I going to try to take the high road on this one. There is a time and place for everything. And this is not the place for a p$%#@ing contest. But a showdown at the ok corral would only result in mas grande problema. If I would have just started my motor and idled off I would have cut the clients line in half, it wasn't the clint we had a beef with. You need to also ask yourself if the people around you are retarded or have lost their mind? But I've come to conclude retarded until proven not. By the way, I might have a dill pickle.


----------



## Tarponchaser

I sometimes ask people if they are blind or just f..... in' stupid.....


Just wait til you get to Port A..... there are more stupid people there than any place I have been.

I will be trying to fish the end of the jetties and be 40 to 50 yards from the rocks... boat after boat that is going to run many miles down the beach or miles off shore will cut between me and the rocks....guess since they are going so far they need to save gas by not going 100 yard around.

TC


----------



## twitch-twitch-reel

It is all about the pickle and the fish!

ROFLMAO!



cpthook20 said:


> I going to try to take the high road on this one. There is a time and place for everything. And this is not the place for a p$%#@ing contest. But a showdown at the ok corral would only result in mas grande problema. If I would have just started my motor and idled off I would have cut the clients line in half, it wasn't the clint we had a beef with. You need to also ask yourself if the people around you are retarded or have lost their mind? But I've come to conclude retarded until proven not. By the way, I might have a dill pickle.


----------



## SaltFix

Great pic's man. I love to see it!! 

I'm not a guide nor tourist but a fisherman Scott G. I don't agree with your comment. 
Nothing personal. 

When I lose track of what fishing is about I will hang it up. Maybe some of us need to hang it up....
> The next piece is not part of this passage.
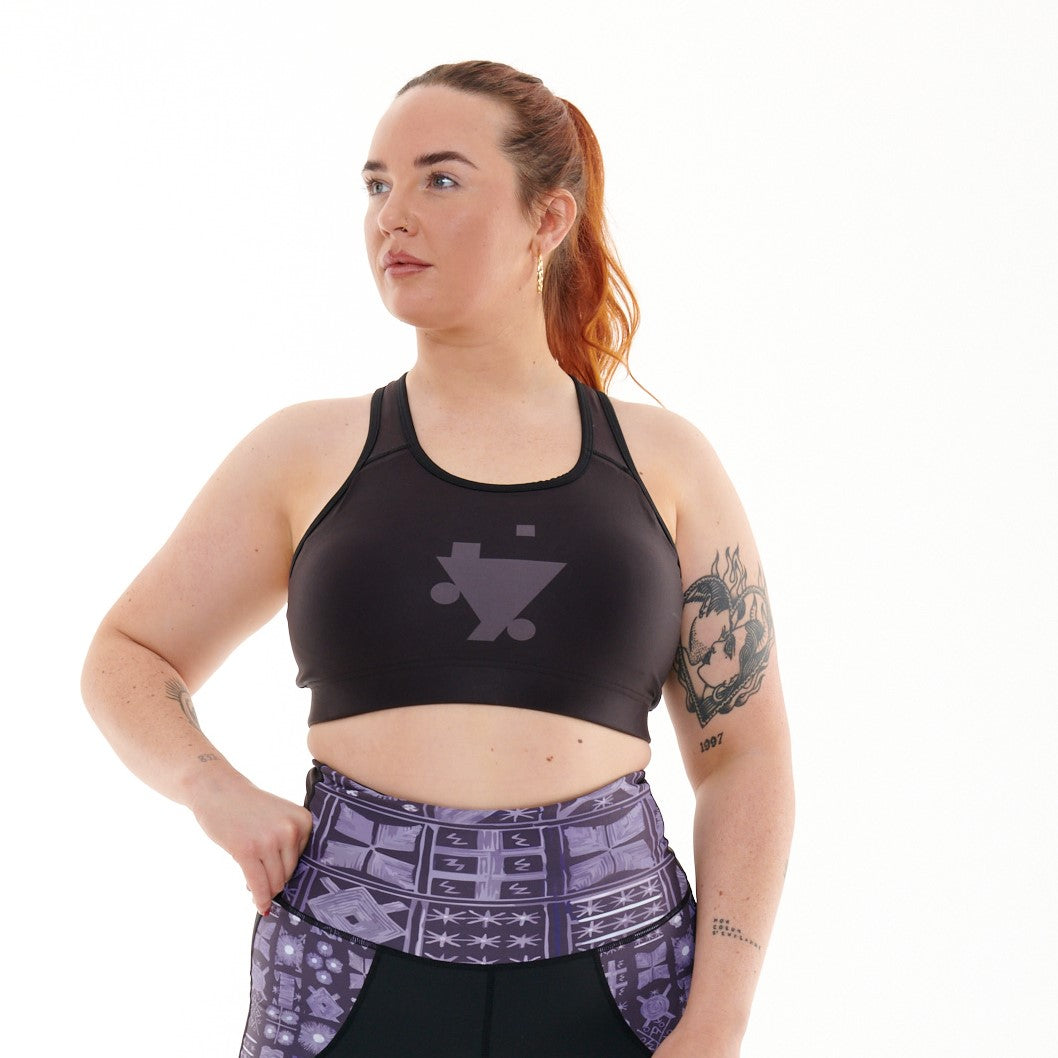 B.G.W.E Sports Bra in black, designed for comfort and style, featuring TYNA Logo and medium support for various activities.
Food for thought... If your ego guides you, your in the wrong boat.


----------



## gm

*Not the first*

All I got to say is, this is sure not the first post about this sort of tactic by the Silver King guides. Seems as "professionals" Guides should set the example of "how to", not "how not to". I believe it's called potlicking.


----------



## gater

*Say What!*

You can bet your last **** Pop there is not one Silver King guide that needs to resort to potlicking. Gater


----------



## LIVIN

gater said:


> You can bet your last **** Pop there is not one Silver King guide that needs to resort to potlicking. Gater


Agreed.


----------



## Wading Mark

LIVIN said:


> Agreed.


I second that.


----------



## wschorp

Good ole Robbie Mielsch, he's a great captain, and a great fisherman. I have had some of the best hunting trips with Robbie in Anahauc.


----------